Milhões de usuários do YouTube se emocionaram com o falso vídeo do "menino heroi sírio", que consegue resgatar uma pequena menina encurralada por um atirador. Mas um grupo de cineastas noruegueses admitiu ter sido responsável pela produção do vídeo.
Eles disseram ao BBC Trending, a seção da BBC que monitora as mídias sociais, que as cenas foram filmadas na ilha de Malta com a intenção de serem apresentadas como se fossem reais.
No vídeo, divulgado na internet, um menino corre em meio a tiros e cai. Segundos depois, se levanta e ajuda uma menina menor a escapar dos projéteis disparados por supostos atiradores.
Veículos de imprensa e internauras acreditaram que o garoto se fingia de morto para realizar o resgate – embora não fique claro se ele chega a ser atingido ou não.
Cineastas lançam filme curto sobre a Síria na internet e não deixam claro que é ficção (Foto: Lars Klevberg)
O diretor Lars Klevberg, 34, que mora em Oslo, escreveu o roteiro depois de assistir à cobertura jornalística do conflito na Síria.
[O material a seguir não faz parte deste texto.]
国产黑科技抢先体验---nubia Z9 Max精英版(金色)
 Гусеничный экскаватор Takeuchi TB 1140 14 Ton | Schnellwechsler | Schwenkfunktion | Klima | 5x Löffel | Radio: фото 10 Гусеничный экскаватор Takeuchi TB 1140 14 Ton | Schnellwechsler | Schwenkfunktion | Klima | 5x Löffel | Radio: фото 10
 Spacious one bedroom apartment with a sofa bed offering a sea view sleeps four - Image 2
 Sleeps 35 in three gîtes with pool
Ele disse que a intenção da brincadeira deliberada é gerar uma discussão sobre o tema das crianças nas zonas de conflito.
"Se eu conseguisse fazer um filme e o apresentar como se fosse real, as pessoas poderiam compartilhá-lo e reagir com esperança", afirmou.
"Nós filmamos em Malta em maio deste ano, em uma locação que foi usada em filmes famosos, como Tróia e Gladiador", afirmou Klevberg.
"O menino e a menina são atores profissionais de Malta. As vozes ao fundo são de refugiados sírios que vivem em Malta."
Ativistas e jornalistas chegaram a divulgar uma carta aberta condenando a peça. Eles afirmam, em linhas gerais, que o filme de Klevberg faz com que as imagens reais que denunciam abusos percam credibilidade.
O filme teve quase 8 milhões de acessos, mas na manhã desta terça-feira havia sido retirado do YouTube.
O grupo se orgulha de fazer um filme que potencialmente enganou milhões de pessoas?
"Eu não me senti desconfortável. Publicando um vídeo que poderia parecer autêntico pretendíamos tirar vantagem de uma ferramenta frequentemente usada na guerra: fazer uma filmagem que parece ser real. Queríamos ver se o filme chamaria atenção e causaria debate, principalmente sobre as crianças na guerra."
"Também queríamos ver como a mídia responderia a esse tipo de vídeo."
'Motivações honestas'
A produção recebeu verbas do Instituto de Filmes Norueguês e do Fundo Audiovisual do Conselho de Artes da Noruega.
O instituto forneceu em outubro de 2013 o equivalente a cerca de R$ 107 mil para a produção - um orçamento considerado 'baixo' pela instituição.
Os cineastas disseram que, ao pedir a ajuda, já haviam deixado claro que pretendiam publicar o vídeo na internet sem esclarecer que se tratasse de uma obra de ficção. Eles também disseram que os financiadores do projeto conheciam e apoiaram suas intenções.
"O fato de crianças sobreviverem aos tiros deveria dar pequenas pistas de que aquilo não era real", disse o produtor, John Einar Hagen.
"Tivemos longas discussões com os financiadores sobre a ética envolvida em fazer um filme como esse."
Para a encarregada de curta-metragens do instituto norueguês de filmes, Ase Meyer, "o filme não foi uma forma cínica de atrair atenção".
"Eles tinham motivações honestas", afirmou.
Meyer disse que ficou "surpresa" por tanta gente acreditar na veracidade da filmagem.
"Quando vejo o filme percebo que o menino é atingido, mas continua correndo. Não há sangue na criança", disse.